• Question: how many galaxys are their

    Asked by beastlyboy197 to Alexander, Aron, Jess, Neil on 19 Mar 2014.
    • Photo: Aron Kisdi

      Aron Kisdi answered on 19 Mar 2014:


      We do no know.
      We can only observe a part of the universe. Also the way we observe the universe at the moment means we are observing waves travelling the speed of light. So when we look at distant objects the “light” we see took many years (or many 1000s or millions of years) to get to us so that object might not exist anymore.
      We are only making models and predictions to shape physics and our understanding of the universe based on things we can observe. That is why we need new space missions to observe more of the universe and understand it better.

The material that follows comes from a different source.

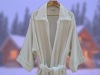 coral fleece bathrobe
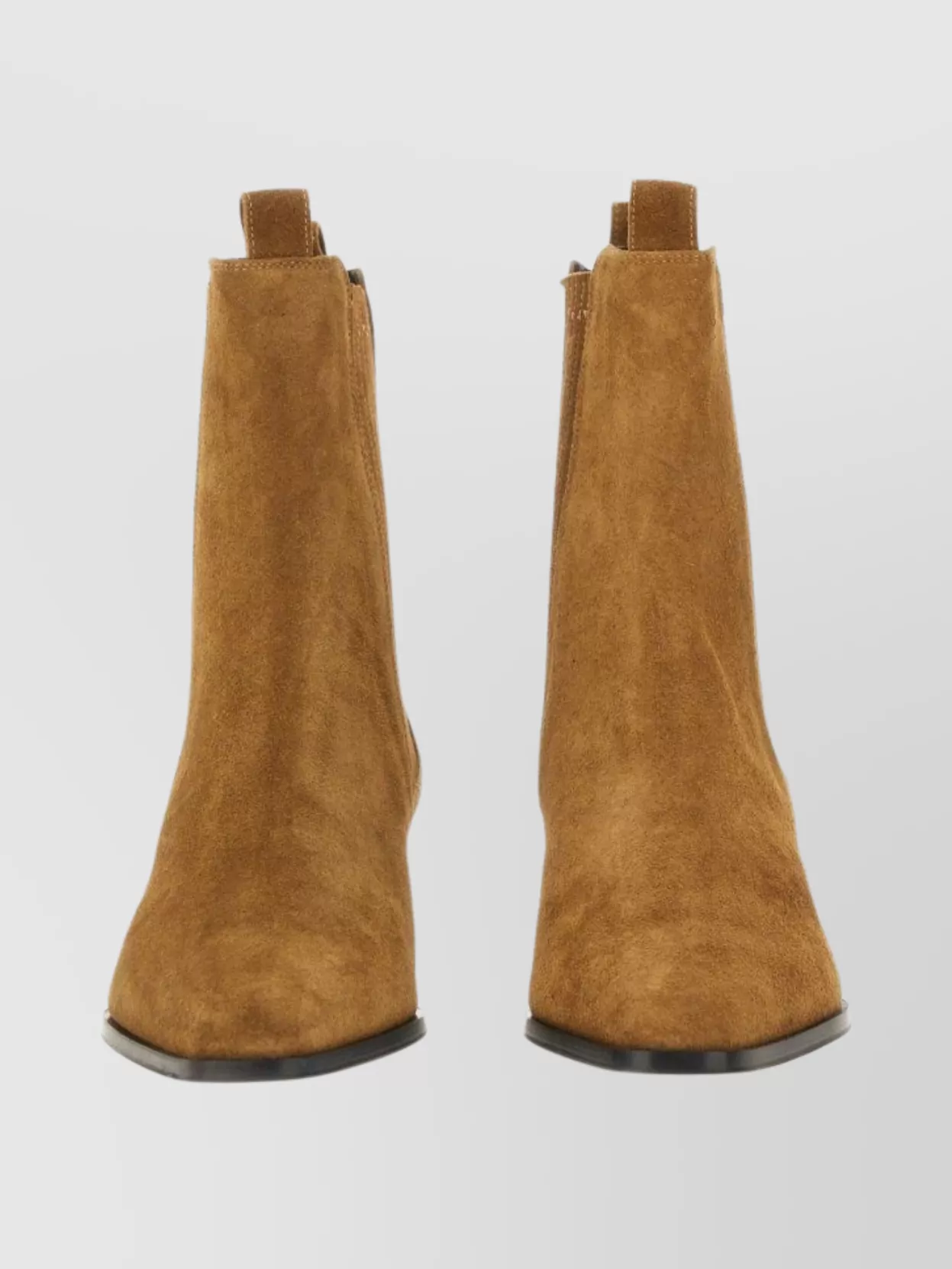 Aeyde Suede Block Heel Boots With Elastic Panels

      To put things in scale: http://scaleofuniverse.com/

    • Photo: Alexander Finch

      Alexander Finch answered on 19 Mar 2014:


      How many galaxies? Lots… and lots and lots and lots. In fact, we don’t know how many there are because we can’t count or see them all! We guess that there are maybe 500 billion galaxies that we should be able to see. That’s a lot – almost enough for 100 galaxies per person on the Earth! And you have to remember that each galaxy is already huge, with billions of stars in – so the number of stars is incredibly big. The Universe is a big place…

    • Photo: Neil Bowles

      Neil Bowles answered on 19 Mar 2014:


      Billions of ’em. I had a chat with a colleague how worked on the Herschel Space telescope that could measure the faint heat traces from distant galaxies and their comment was that the sky was ‘carpeted’ with faint galaxies.